Any comments or ideas would be appreciated, Aaron
@ahgillmo I have provided a solution for that and submitted a pull request (https://github.com/broadinstitute/PhylogicNDT/pull/38) that has not been accepted yet, but you can patch your local code with the same modification HTH
Great, that seems to have fixed my problem! Thank you.
Hello,
I am struggling with the same issue that @judithabk6 and @ahgillmo described, but the fix provided by @judithabk6 doesn't solve it. I'm working on exome data.
My command is as follow :
'singularity exec phylogicndt.sif PhylogicNDT.py Cluster -i D522R01 - s D522R01:/data/kdi_prod/.kdi/project_workspace_0/1348/acl/11.00/data/ITH_inputs/phylogicNDT_inputs/D522R01_phylogicndt.maf:/data/kdi_prod/.kdi/project_workspace_0/1348/acl/11.00/data/ITH_inputs/phylogicNDT_inputs/D522R01_phylogicndt_cnv.tsv:0.718965360764431:1 --maf_input_type calc_ccf
Here's how my .maf input looks like (first ten lines) :
Hugo_Symbol | Chromosome | Start_position | Reference_Allele | Tumor_Seq_Allele2 | t_ref_count | t_alt_count | local_cn_a2 | local_cn_a1 |
---|---|---|---|---|---|---|---|---|
NBPF2P | chr1 | 21423172 | G | C | 20 | 3 | 1 | 1 |
MDS2 | chr1 | 23627383 | C | G | 81 | 46 | 1 | 1 |
LDLRAP1 | chr1 | 25565104 | G | A | 314 | 174 | 1 | 1 |
HIVEP3 | chr1 | 41506413 | T | A | 16 | 7 | 1 | 1 |
WNT2B | chr1 | 112526263 | ACCACCAGTACCATGTG | - | 20 | 2 | 1 | 1 |
GPR161 | chr1 | 168096935 | A | T | 573 | 229 | 2 | 1 |
BATF3 | chr1 | 212686503 | G | A | 40 | 11 | 2 | 1 |
ENAH | chr1 | 225511728 | TGGGGAAAGGGGGAATTTTTAAC | - | 19 | 2 | 2 | 1 |
MTR | chr1 | 236884979 | G | T | 32 | 4 | 2 | 1 |
And after applying the fix proposed by @judithabk6 , here's how my Cluster.py file looks (lines 72 to 76)
patient_data.addSample(maf_fn, sample_id, timepoint_value=timepoint, grid_size=arg$
_additional_muts=None,
seg_file=seg_fn,
purity=purity, input_type=args.maf_input_type)
But I still get the following error (same as before the fix)
Traceback (most recent call last):
File "/data/kdi_prod/.kdi/project_workspace_0/1348/acl/11.00/bin/phylogicndt//PhylogicNDT.py", line 515, in <module>
args.func(args)
File "/data/kdi_prod/.kdi/project_workspace_0/1348/acl/11.00/bin/phylogicndt/Cluster/Cluster.py", line 75, in run_tool
purity=purity)
File "/data/kdi_prod/.kdi/project_workspace_0/1348/acl/11.00/bin/phylogicndt/data/Patient.py", line 148, in addSample
purity=purity, timepoint_value=timepoint_value)
File "/data/kdi_prod/.kdi/project_workspace_0/1348/acl/11.00/bin/phylogicndt/data/Sample.py", line 92, in __init__
_additional_muts=_additional_muts) # a list of SomMutation objects
File "/data/kdi_prod/.kdi/project_workspace_0/1348/acl/11.00/bin/phylogicndt/data/Sample.py", line 129, in _load_sample_ccf
mut_with_ccf_dat = self._read_ccf_from_txt(filen)

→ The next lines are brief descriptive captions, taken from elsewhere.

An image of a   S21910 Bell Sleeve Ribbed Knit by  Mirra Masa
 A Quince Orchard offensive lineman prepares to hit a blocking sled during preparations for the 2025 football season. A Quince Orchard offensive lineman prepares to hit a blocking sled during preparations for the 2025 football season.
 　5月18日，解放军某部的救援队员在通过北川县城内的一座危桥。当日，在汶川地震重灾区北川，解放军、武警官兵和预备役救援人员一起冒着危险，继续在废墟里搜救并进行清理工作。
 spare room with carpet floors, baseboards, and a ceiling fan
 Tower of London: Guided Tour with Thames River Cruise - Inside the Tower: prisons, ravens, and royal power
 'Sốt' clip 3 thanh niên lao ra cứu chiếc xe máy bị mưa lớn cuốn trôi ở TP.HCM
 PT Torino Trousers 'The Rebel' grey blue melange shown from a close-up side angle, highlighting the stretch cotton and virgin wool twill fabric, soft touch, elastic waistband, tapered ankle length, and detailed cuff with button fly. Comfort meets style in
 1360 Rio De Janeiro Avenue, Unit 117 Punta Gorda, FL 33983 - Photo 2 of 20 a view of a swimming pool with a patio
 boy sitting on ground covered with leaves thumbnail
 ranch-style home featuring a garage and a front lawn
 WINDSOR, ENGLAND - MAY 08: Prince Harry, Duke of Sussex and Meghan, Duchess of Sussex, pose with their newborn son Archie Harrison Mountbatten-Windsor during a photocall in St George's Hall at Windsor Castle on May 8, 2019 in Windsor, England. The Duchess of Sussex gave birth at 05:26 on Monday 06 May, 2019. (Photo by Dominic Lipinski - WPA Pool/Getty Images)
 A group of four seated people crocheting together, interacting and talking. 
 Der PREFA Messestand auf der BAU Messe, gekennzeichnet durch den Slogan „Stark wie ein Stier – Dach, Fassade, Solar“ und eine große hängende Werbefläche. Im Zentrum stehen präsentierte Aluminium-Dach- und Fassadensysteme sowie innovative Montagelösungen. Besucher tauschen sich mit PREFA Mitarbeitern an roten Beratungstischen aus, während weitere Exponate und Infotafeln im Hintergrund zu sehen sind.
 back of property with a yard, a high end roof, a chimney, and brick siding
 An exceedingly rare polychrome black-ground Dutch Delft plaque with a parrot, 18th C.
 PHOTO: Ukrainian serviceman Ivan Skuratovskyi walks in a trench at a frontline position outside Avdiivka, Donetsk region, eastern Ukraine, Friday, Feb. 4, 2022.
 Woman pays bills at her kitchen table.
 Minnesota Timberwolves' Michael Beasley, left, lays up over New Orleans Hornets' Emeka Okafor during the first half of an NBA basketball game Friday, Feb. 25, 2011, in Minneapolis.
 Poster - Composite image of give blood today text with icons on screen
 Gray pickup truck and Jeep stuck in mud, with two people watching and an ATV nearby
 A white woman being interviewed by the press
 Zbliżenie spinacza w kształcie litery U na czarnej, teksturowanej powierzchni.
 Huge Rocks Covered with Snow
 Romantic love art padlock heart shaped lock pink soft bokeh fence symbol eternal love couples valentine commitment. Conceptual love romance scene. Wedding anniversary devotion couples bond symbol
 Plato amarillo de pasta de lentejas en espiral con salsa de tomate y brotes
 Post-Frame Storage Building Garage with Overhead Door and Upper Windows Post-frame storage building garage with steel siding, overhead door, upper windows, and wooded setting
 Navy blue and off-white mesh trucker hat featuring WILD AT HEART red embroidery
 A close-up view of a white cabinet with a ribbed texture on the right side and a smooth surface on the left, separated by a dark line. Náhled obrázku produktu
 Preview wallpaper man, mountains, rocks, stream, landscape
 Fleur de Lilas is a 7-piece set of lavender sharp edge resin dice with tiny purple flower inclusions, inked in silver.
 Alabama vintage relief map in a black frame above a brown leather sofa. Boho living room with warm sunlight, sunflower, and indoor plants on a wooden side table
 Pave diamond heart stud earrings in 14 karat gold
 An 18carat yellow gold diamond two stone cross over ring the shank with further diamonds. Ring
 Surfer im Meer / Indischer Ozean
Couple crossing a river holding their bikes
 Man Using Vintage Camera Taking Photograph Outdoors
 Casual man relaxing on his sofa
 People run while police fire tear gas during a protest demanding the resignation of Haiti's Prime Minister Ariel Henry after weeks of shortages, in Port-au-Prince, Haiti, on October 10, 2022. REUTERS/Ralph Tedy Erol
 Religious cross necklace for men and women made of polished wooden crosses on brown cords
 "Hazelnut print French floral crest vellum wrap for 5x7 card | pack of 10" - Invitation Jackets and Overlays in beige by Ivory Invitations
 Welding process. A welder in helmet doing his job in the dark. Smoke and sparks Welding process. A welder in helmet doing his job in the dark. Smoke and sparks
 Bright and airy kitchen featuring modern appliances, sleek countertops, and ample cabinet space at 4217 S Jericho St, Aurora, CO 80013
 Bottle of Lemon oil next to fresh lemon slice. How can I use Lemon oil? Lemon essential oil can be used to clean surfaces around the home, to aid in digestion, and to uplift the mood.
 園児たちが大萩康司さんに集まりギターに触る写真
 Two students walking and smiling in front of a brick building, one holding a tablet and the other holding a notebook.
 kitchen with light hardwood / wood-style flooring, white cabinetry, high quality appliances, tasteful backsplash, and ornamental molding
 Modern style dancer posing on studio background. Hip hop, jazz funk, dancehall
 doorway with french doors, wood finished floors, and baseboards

File "/data/kdi_prod/.kdi/project_workspace_0/1348/acl/11.00/bin/phylogicndt/data/Sample.py", line 324, in _read_ccf_from_txt
raise ValueError("Number of CCF bins values read for this variant are less than 101 bins !")
ValueError: Number of CCF bins values read for this variant are less than 101 bins !
I get the same error on all of the ~ 500 exomes I'm analyzing.
Am I missing something ?
Hi, I am working on WGS data and also getting the same error after the changes in Cluster.py Has anyone got a solution to this? Thanks
Hi @miachom. I ended up using a .sif file instead of a command line-defined design, and it worked.
Hello, we are interested in testing PhylogicNDT with our own multi-sample sequencing data. How should we compute raw ccf histograms for clustering? Thank you.